The Census Bureau has published a diagram explaining the relationships between the various tribal and nontribal administrative areas. This is a heavily simplified diagram that elides, for instance, the three levels of the Navajo Nation and the potential for a state to designate a reservation at the county level or the county subdivision level. It also predates McGirt. Still, it speaks to the logic of assigning admin_level=* in relation to mainstream civil administrative boundaries.

In following annotated copy, I’ve highlighted in yellow the types of boundaries we’re currently tagging as boundary=aboriginal_lands without any formal tagging distinction. Based on what I know so far, I’m concerned that multiple highlighted items sit beside each other in the diagram and that there are highlighted items at multiple levels of the diagram. We’re just throwing everything that’s somehow indigenous into the same tag. (If this is not actually a problem, I’d welcome more information.)

In practical terms, the indistinct tagging elevates the subdivisions to reservations in their own right, making for a confusing map. In the following screenshots, it isn’t possible to tell where the Standing Rock reservation ends and the Cheyenne River reservation begins, or that the latter even exists, despite its size. Instead, it looks as if the reservations have been broken up – a problematic representation, given the history.

As boundary=aboriginal_lands apparently was never designed for anything but the top tier of “American Indian Areas (Federal)/Off-Reservation Trust Lands”, a conservative solution would be to split off boundary=indigenous_administration admin_level=* for federal reservation subdivisions and state-level reservations. In OSM Carto and OSM Americana, the subdivision boundaries would temporarily disappear. This would be unfortunate, but at least it would be possible to see the reservation boundaries again. Changes to these renderers would resurface the subdivision boundaries at a higher zoom level and with dashed lines.

A long-term split between boundary=aboriginal_lands and boundary=indigenous_administration would be awkward, so we need to decide whether and when to move the top-level reservation boundaries to boundary=indigenous_administration. Only a handful of data consumers recognize boundary=aboriginal_lands, so we might be able to migrate all the administrative boundaries over to a new tag simultaneously in coordination with the developers.

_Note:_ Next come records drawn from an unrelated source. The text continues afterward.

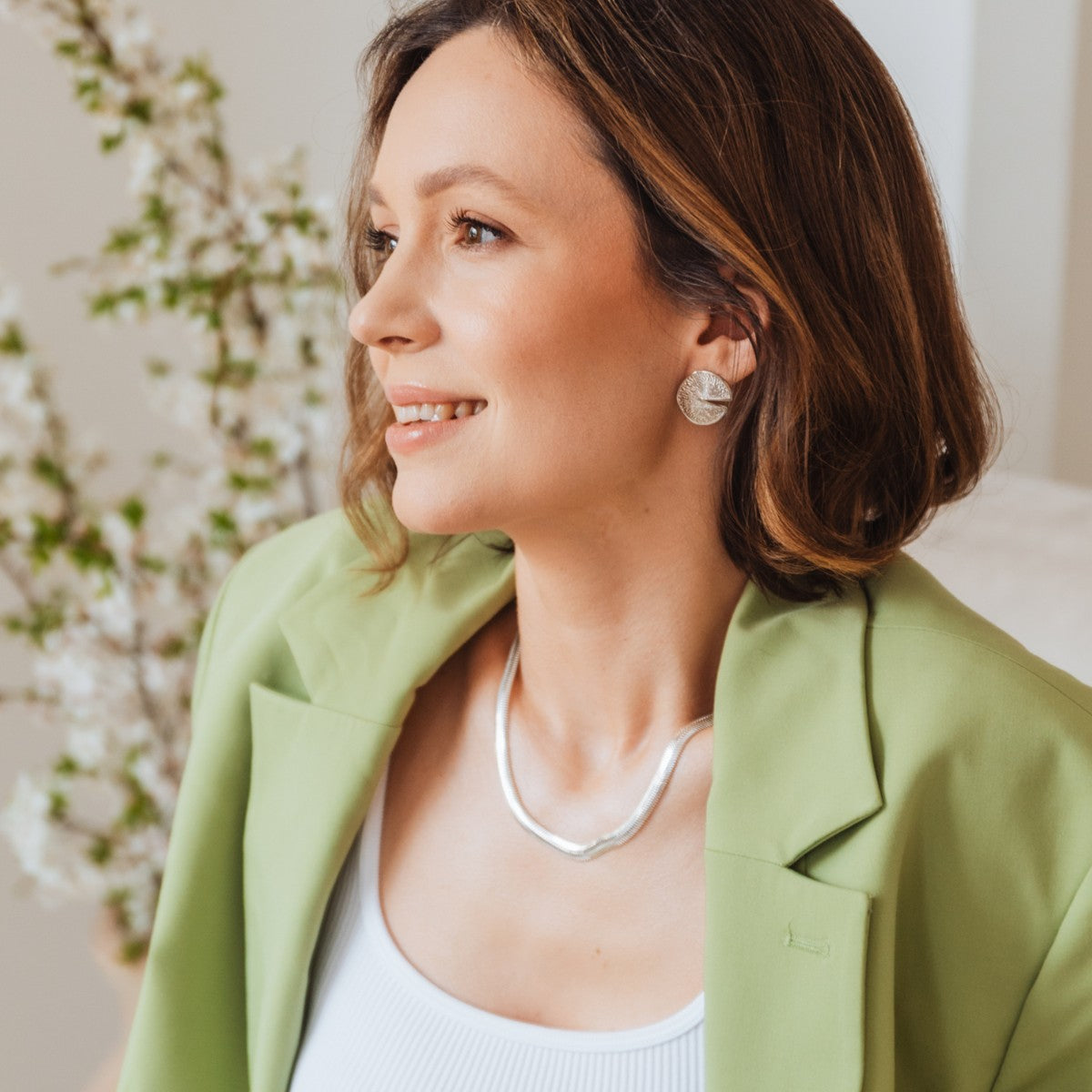 Kolczyki NOMA białe złoto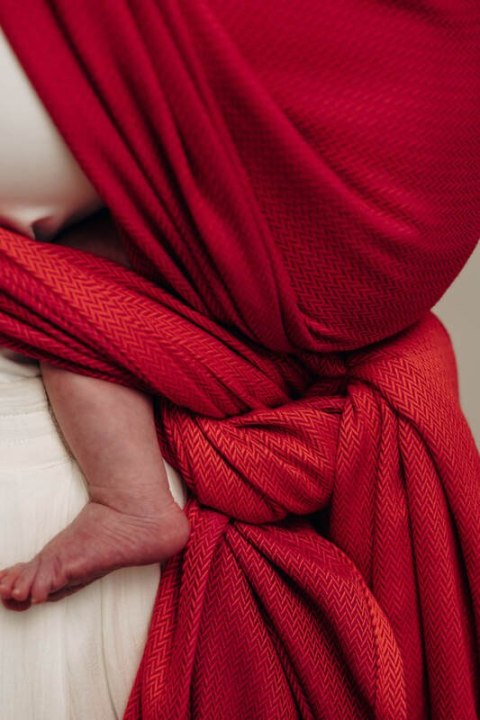 Chusta do noszenia dzieci, tkana splotem jodełkowym, bawełna - MAŁA JODEŁKA SEDONA - rozmiar L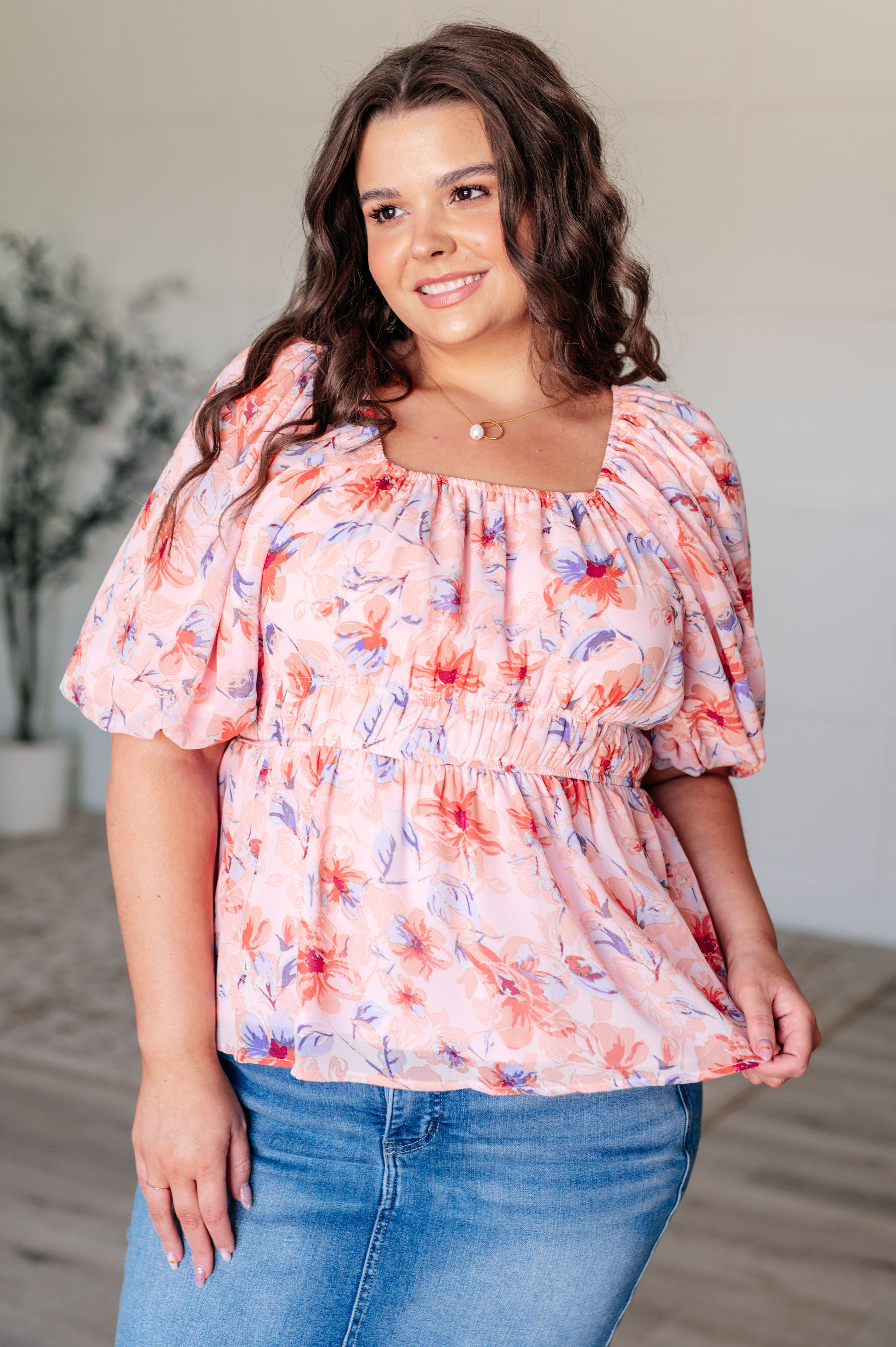 A Powerful Force Square Neck Balloon Sleeve Blouse - Charming Charlie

An alternative would be to combine admin_level=* with boundary=aboriginal_lands. But if the presence of admin_level=* is the only thing that distinguishes a reservation or subdivision boundary from something less structured, then we’ll probably keep finding examples of data consumers that mishandle these cases. It’d be as if we tag administrative boundaries as boundary=place, relying on admin_level=* to distinguish them from other verifiable boundaries.